And now I understand why the Ford dealer was willing to bribe me $189 to change my survey response from 1's to 10's - they lose a bonus If their survey results go below a certain level.

What this is, is just another in a long line of shitty management practices.  And each of these shitty management practices usually pre-dates a major recession.   The WSJ article mentions "Total Quality Management" or TQM as they called it, and I lived through that fad at GM and UTC.   We would have these big meetings with lots of powerpoint (or back then, overhead projector) slide shows, exhorting us to have "total quality" throughout the manufacturing and development process.   What this meant or how to achieve it, was never stated.  And like with most motivational speakers, you leave these cheerleading sessions with a vague feeling that somehow you aren't doing your job right, or that the company's problems are somehow your fault.

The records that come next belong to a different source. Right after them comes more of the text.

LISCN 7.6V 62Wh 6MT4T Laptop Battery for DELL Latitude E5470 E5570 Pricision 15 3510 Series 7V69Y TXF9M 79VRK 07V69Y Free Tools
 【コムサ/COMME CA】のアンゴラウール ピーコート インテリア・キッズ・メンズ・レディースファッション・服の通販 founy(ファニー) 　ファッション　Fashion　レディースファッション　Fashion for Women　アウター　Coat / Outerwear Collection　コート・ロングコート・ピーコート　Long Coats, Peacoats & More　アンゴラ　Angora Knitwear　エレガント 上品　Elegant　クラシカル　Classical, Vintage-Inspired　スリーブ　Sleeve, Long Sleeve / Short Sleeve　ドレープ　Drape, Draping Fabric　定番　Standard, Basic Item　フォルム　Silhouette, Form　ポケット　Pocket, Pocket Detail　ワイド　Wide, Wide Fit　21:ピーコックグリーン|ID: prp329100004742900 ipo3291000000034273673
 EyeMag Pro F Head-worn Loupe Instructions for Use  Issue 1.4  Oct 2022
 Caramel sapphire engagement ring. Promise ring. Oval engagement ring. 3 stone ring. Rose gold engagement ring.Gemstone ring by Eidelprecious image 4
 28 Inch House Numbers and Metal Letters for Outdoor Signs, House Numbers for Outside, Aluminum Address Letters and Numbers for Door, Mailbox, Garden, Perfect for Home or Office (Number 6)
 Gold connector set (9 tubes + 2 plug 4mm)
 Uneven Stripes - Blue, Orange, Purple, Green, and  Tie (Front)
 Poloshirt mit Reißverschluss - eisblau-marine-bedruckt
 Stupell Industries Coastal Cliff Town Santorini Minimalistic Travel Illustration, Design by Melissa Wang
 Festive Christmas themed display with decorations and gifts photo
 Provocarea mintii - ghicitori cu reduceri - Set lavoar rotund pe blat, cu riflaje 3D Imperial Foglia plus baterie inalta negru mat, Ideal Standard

The real reason GM's cars slid downhill in quality wasn't some lack of effort or people being lackadaisical, but rather the narrowing profit margins in what quickly became a very competitive worldwide business.  With aging factories, unfunded pension and healthcare liabilities, high union pay (2-3 times prevailing wages) and a bloated and overpaid management structure (2-3 times larger than our Japanese and European competitors and paid 5-10 times as much), something had to give.

And rather than do hard things, like cut salaries, lay off excess management, close unprofitable factories, and get tough with the unions (as GM is doing today) they just cut the content of the cars.   Cheap plastics replaced soft vinyls.   Corporate engines were used across the product lines - making one model car indistinguishable from another.  Granted, quality improved compared to the cars of the 1950's and 1960's which rusted out in a matter of 2-3 years and rarely lasted a decade.  But compared to our overseas competitors, we were far behind.

After "TQM" came something called "ISO 9000" which involved more meetings, powerpoint presentations, and hefty checks made out to "ISO 9000 consultants".  And once again, it left employees with vague feelings they were supposed to be doing something about this ISO thing, but they were not sure what.   It turns out, the whole ISO 9000 thing (and its successors) was just a bunch of hooey.   As Dilbert put it, "We just document everything we do, put it in a big honkin' binder, and put it on the shelf!"    ISO 9000 consultants then "certify" your business, which means, of course, that you are qualified to do business with other ISO 9000 customers.  It also means that all of your suppliers must be ISO 9000 certified, in order to to business with you.   It is like an MLM scheme on steroids - how did people fall for this nonsense?   Nothing got done, nothing got better, no money was made - other than for consultants.   This sort of crap is just utter nonsense, cloaked in shitty management double-speak.

All the "customer satisfaction" surveys in the world wasn't going to change this - nor was "Total Quality Management" or "Work Smarter, Not Harder!" or whatever other snake-oil the management consultants were selling to weak and overwhelmed managers.   Hey, maybe if we made all the machines in the factory less than five feet high, we can trounce the competition from Germany and Japan.   Yes, this actually happened.  Yes, the manager who did it was promoted.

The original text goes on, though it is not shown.